By Rachel La Corte | The Associated Press

OLYMPIA — A record number of voters returned ballots in this month’s election, but the overall state turnout percentage after challenged ballots were reviewed fell just shy of the record 84.6 percent in 2008.

While 84.8 percent of the state’s nearly 4.9 million voters returned ballots for the Nov. 3 general election, the final rate Tuesday hit 84.1 percent after county canvassing boards reviewed ballots that were challenged over issues like signatures or postmarks. Tuesday was the last day for the counties to finish their work and certify the results.

Republican Secretary of State Kim Wyman plans to certify the election Dec. 1, a few days before the Dec. 3 deadline.

“This election is a real testament to how engaged voters were and how well county elections officers did their jobs,” Wyman said.

Of the state’s 39 counties, 32 had turnout of more than 80 percent, and six topped 70 percent.

Jefferson County turnout was 90.06 percent, second only in the state to San Juan County, which had 90.76 percent. That represented 24,948 registered voters returning ballots in Jefferson County and 13,289 voters in San Juan County.

Clallam County topped out at 86.06 percent, with 49,647 registered voters returning ballots.

The counties with the lowest turnout were Adams and Yakima, with just over 75 percent turnout.

In the 2016 election, turnout in vote-by-mail Washington was just under 79 percent, with more than 3.3 million ballots cast.

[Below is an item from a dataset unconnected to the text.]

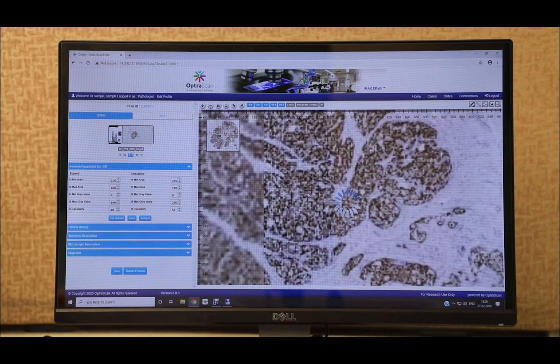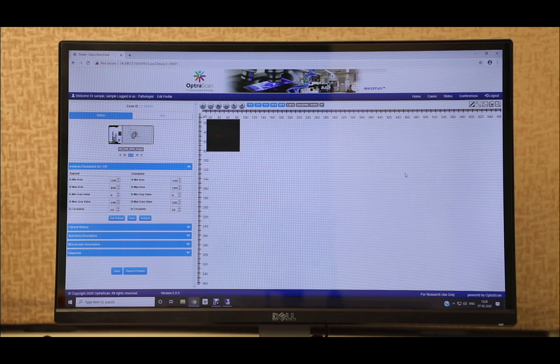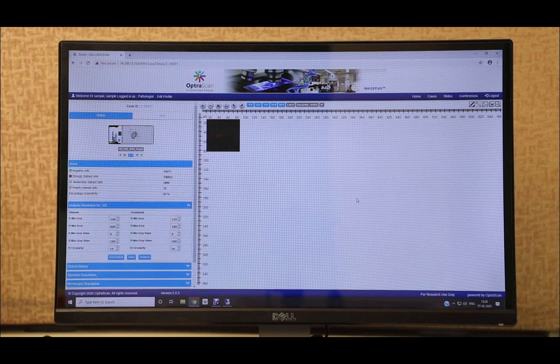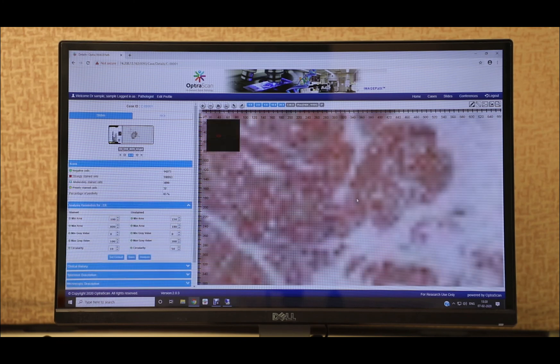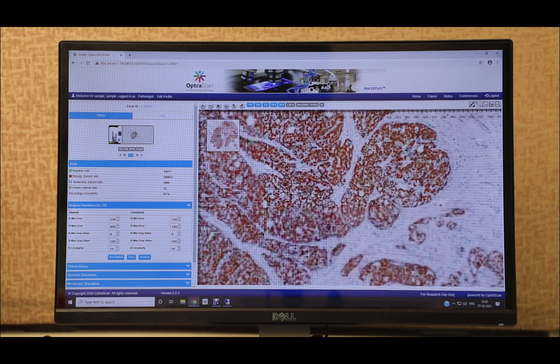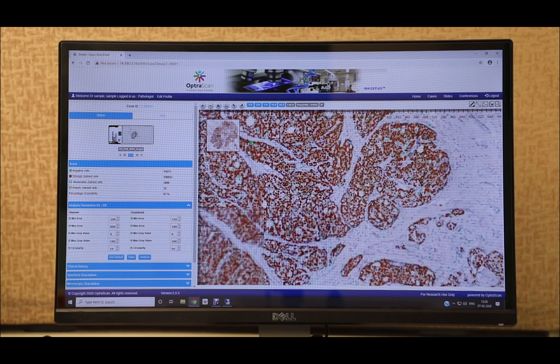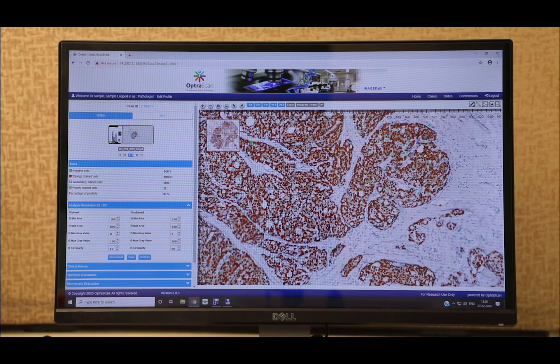The example seen here is an immunohistochemistry slide with an ER biomarker. We have opened some parameters that allow us for fine-tuning of the algorithm to produce accurate results. The users can toggle between the raw image and an analyzed image overlay.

The high interest in the general election came after the state in August saw its highest primary turnout in more than five decades, with nearly 55 percent of voters returning their ballots.

More than 4.1 million voters cast a ballot in the November general election this year, compared to the 3 million cast in 2008.

Wyman said the increase in voter numbers is due in part to the population increase in the state over the years, as well as voter access laws, including same-day registration.

She said that, coupled with a year where voters weighed in on a lengthy ballot that included races for president and governor, it showed that “people believe that their vote is going to make a difference and they care about the issue or the candidate.”